Texture was not mentioned. Concrete and cement mixes tend to be very rough in texture, which is not ideal for a large number of species of fish. Catfish is a big category, eels, loaches, and even plecos can suffer irritation, tissue damage, sores, etc. from being exposed to a rough surface on a regular basis. 

If you can give an idea of what you are trying to create and what animals are planned to be in the tank, it would be much easier to help with your question and also offer alternative, safer solutions.


----------



## SinCrisis (Aug 7, 2008)

bettababy said:


> Texture was not mentioned. Concrete and cement mixes tend to be very rough in texture, which is not ideal for a large number of species of fish. Catfish is a big category, eels, loaches, and even plecos can suffer irritation, tissue damage, sores, etc. from being exposed to a rough surface on a regular basis.


Ive seen entire rock walls made from cement and styrofoam, i think a little corner thing will be ok.

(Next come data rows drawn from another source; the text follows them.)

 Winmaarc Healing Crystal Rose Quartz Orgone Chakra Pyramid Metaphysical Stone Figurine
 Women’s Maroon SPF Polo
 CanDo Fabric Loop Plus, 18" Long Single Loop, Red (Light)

What kind of corner structure were you thinking of making? Is it a cave? or just a mountain-like structure? Also how large is it, how much does it weight, etc. Its hard to tell how detrimental such a structure would be without the details. IE. small hollow cave will be far less dense than just a block of cemented stuff, a small cave will be less of a concern vs a large cave, etc.


----------



## 1077 (Apr 16, 2008)

Might review /Google, content of Portland cement. Is comprised largely of lime which will affect water chemistry if not cured completely or sealed.
Some saltwater folks I believe have utilized cement rubble to create their own coral and perhaps the ability of cement to make water hard is not as much a concern for them as opposed to freshwater depending on inhabitant's?


----------



## bearwithfish (Sep 29, 2009)

no in salt water cement needs to be cured for a very long time........ and with a few certain methods.. i tried it a few times and some how always messed up the cure so when i tested each batch it was so horrible i would never put it in my tank.... again a lot depends on what you are attempting to accomplish....


----------



## 1077 (Apr 16, 2008)

bearwithfish said:


> no in salt water cement needs to be cured for a very long time........ and with a few certain methods.. i tried it a few times and some how always messed up the cure so when i tested each batch it was so horrible i would never put it in my tank.... again a lot depends on what you are attempting to accomplish....


 
I would assume that concrete rubble from very old sidewalks ,buildings, would be cured and thus maybe safer?


----------



## JerseyBird97 (Sep 13, 2009)

this is a mrine tank. I took crate and zip tied at a 90 degree layed it flat and filled in with quickreet and covered with live sand rubble and a small flat peice i had then when that set did the other side. It is completely removable as long as it doesn't break so I can clean back there. I know cement has to cure a week (my dad is a mason).

That's a good point about the lime or lye or whatever crap is in that... I'll have to double. Thought It might work cause I've seen people make rock out of the same stuff. 

Thanks for the input... let me know if ya got anything else.


----------



## JerseyBird97 (Sep 13, 2009)

...also I didn't mean "yadda yadda" as a brush off I was just impliying I'm aware of the obvious dangers.


----------



## bearwithfish (Sep 29, 2009)

the cure time in water with changes and at least one or more vinager baths for this to be tank safe is 6 months in water at all times and changes either every day or two.... best with running water i attempted it in 45 days in constant running water and when i put it in a tub with water i tested at 7.7 PH after 24 hours the PH went off the charts 9.9 was the highest i could read and it was much darker than that..... google agrocreat or man made live rock and read a bit more a bout the curing process its not quite like making regular items (stairs and such)


----------



## JerseyBird97 (Sep 13, 2009)

Thanks bear... so this is pretty much a bad idea... will scrap


----------



## lorax84 (Nov 3, 2010)

You can also build in tank decor out of Styrofoam and seal it with drylock. Drylock is a masonry sealer used for sealing basements, once dry it is 100% aquarium safe. Cement will take a very long time and cure as bear said. I have never used Drylock but someone on another forum used it for angel fish and turtles. Here is a thread about it.

3D Background with Drylok - Turtle Forum

There is a lot of info on 3d tank backgrounds that I am not even going to try to reiterate.


----------